By: Xinfei Li, MD, Peking University First Hospital, Beijing, China, Institute of Urology, Peking University, Beijing, China, National Urological Cancer Center, Beijing, China; Xuesong Li, MD, Peking University First Hospital, Beijing, China, Institute of Urology, Peking University, Beijing, China, National Urological Cancer Center, Beijing, China | Posted on: 30 Aug 2023

Dilatation or hydrops does not always equate to obstruction.1,2 This is an important concept. The upper urinary tract (UT) remains at different degrees of dilation for most patients who underwent ureteral reconstructive surgery, which makes it difficult to assess the obstruction.3 Failure to identify upper UT obstruction before removing the drainage tube may result in recurrent flank pain, fever, deterioration of hydronephrosis, impairment of renal function, and secondary intervention.

Traditional examinations, for instance, contrast-enhanced CT, MRI, and ultrasonography, rely mainly on the morphological changes to diagnose whether the UT is unobstructed. More difficult to interpret is the dilatation that remains after the relief of obstruction. Diuretic renography assesses the excretory function through radioisotopes and has been widely used since it was proposed.4 However, the test may be unreliable in a kidney with impaired function or associated with an extremely large collecting system. The response to a diuretic is also in doubt according to whether the damage is localized in glomerular or tubular.

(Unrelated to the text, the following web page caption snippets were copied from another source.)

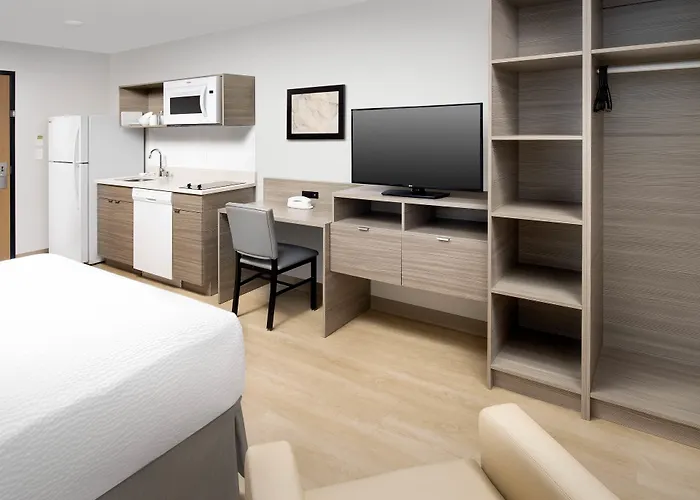 Woodspring Suites Seattle Everett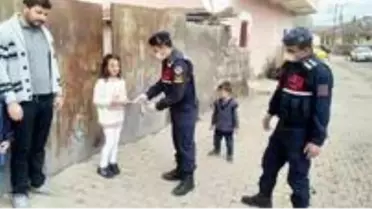 Bisiklet almak için biriktirdiği parayı 'milli dayanışma' kampanyasına bağışladı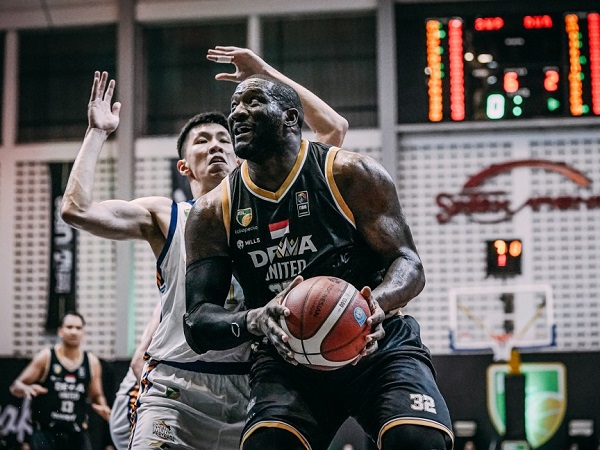 Youbel Sondakh terima kekalahan perdana Satria Muda dengan lapang dada.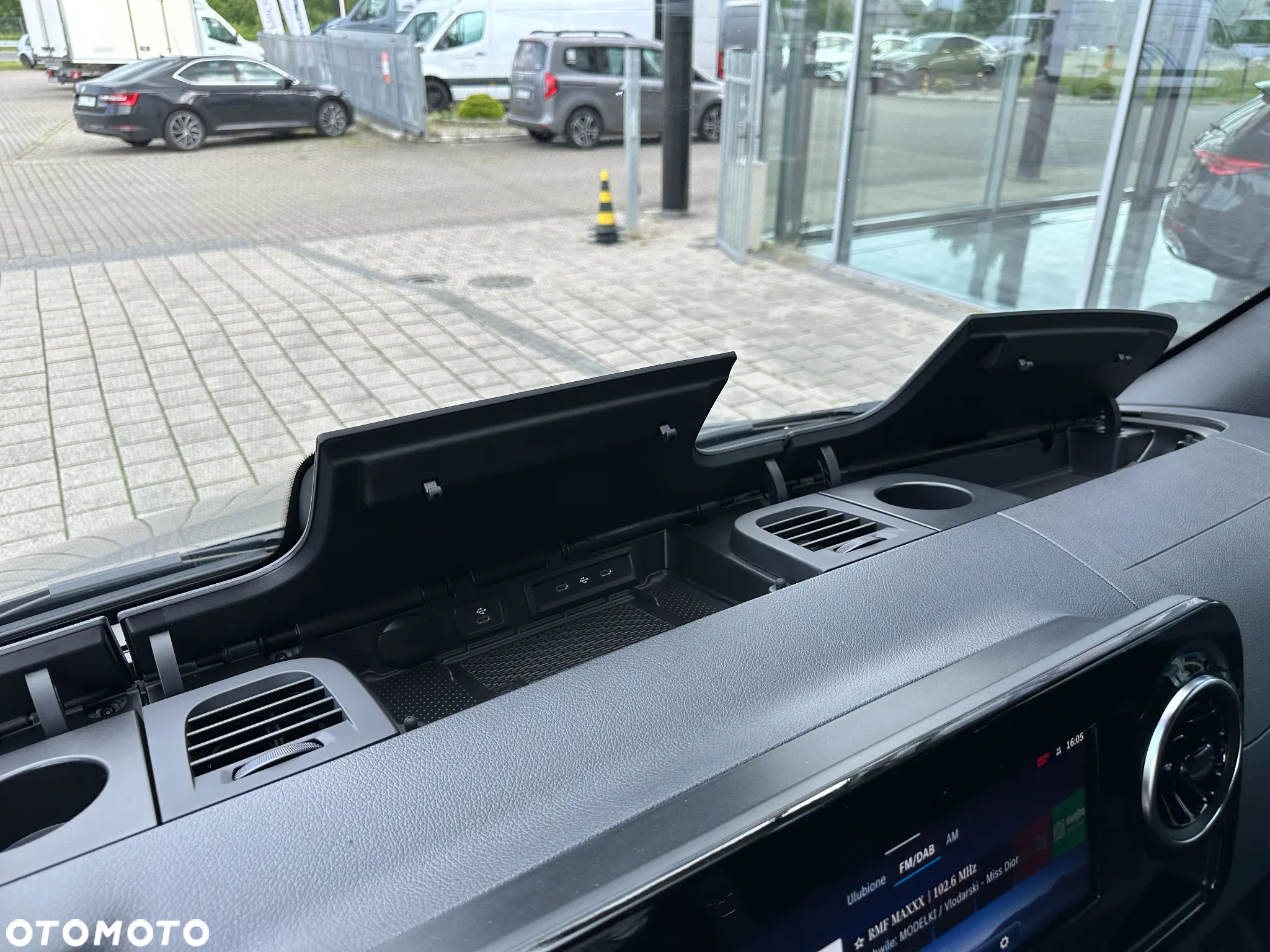 Mercedes-Benz Sprinter Furgon 319 CDI SELECT LONG - 10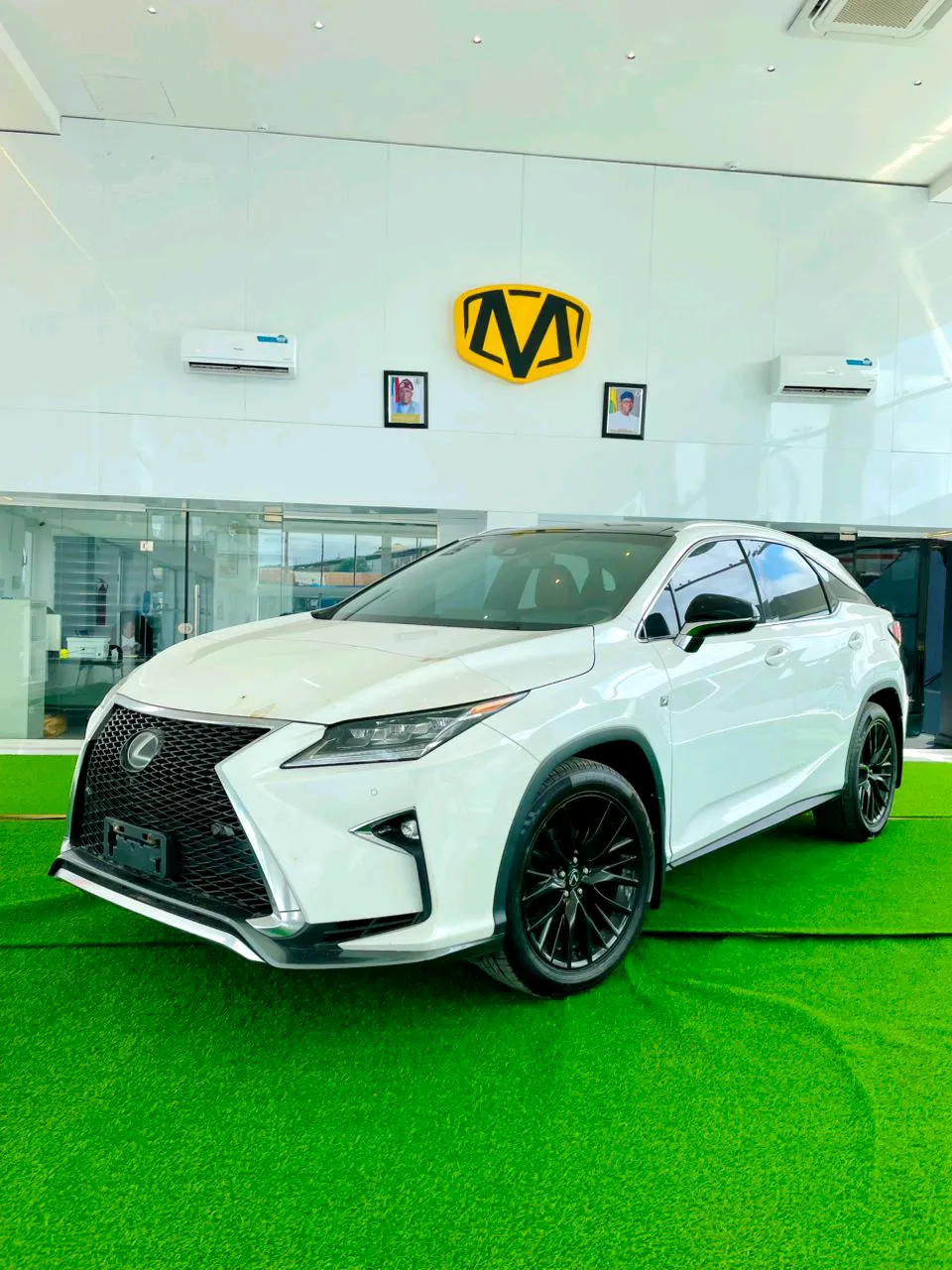 The Lexus RX350 2016 SE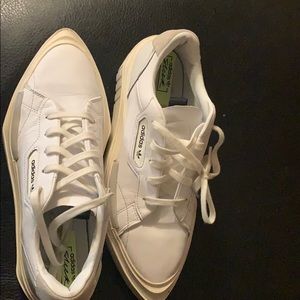 Adidas Hypersleek Sneakers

In 1973, Whitaker advocated a constant perfusion flow study to distinguish whether UT dilatation was caused by obstruction.5 It is the lack of standardized procedures and its invasive manipulation that limit its application.5,6 Based on the Whitaker test, we made the following improvements (Figure 1): (1) all patients were pre-placed with a nephrostomy tube for “ureteral rest” and protective drainage; (2) comprehensive evaluation was performed by expanding the range of perfusion velocity (1-20 mL/min) and taking into account the physiological phase and high load phase; and (3) the results were classified into 3 types (normal, critical, and obstructive) according to the imaging and pressure (type I, the pressure remains stable near the baseline throughout the perfusion process, and the reconstructed ureter is well visualized [Figure 2]7; type II, the renal pelvic pressure increases with perfusion, while urography shows the ureteral peristalsis still exists. At the end of the examination, the pressure difference is lower than 15 cm H2O and the renal pelvis pressure is lower than 22 cm H2O [Figure 3]; type III, the renal pelvic pressure and pressure difference increase with perfusion and exceed the normal level. At the same time, ureteral peristalsis is weak or absent [Figure 4]).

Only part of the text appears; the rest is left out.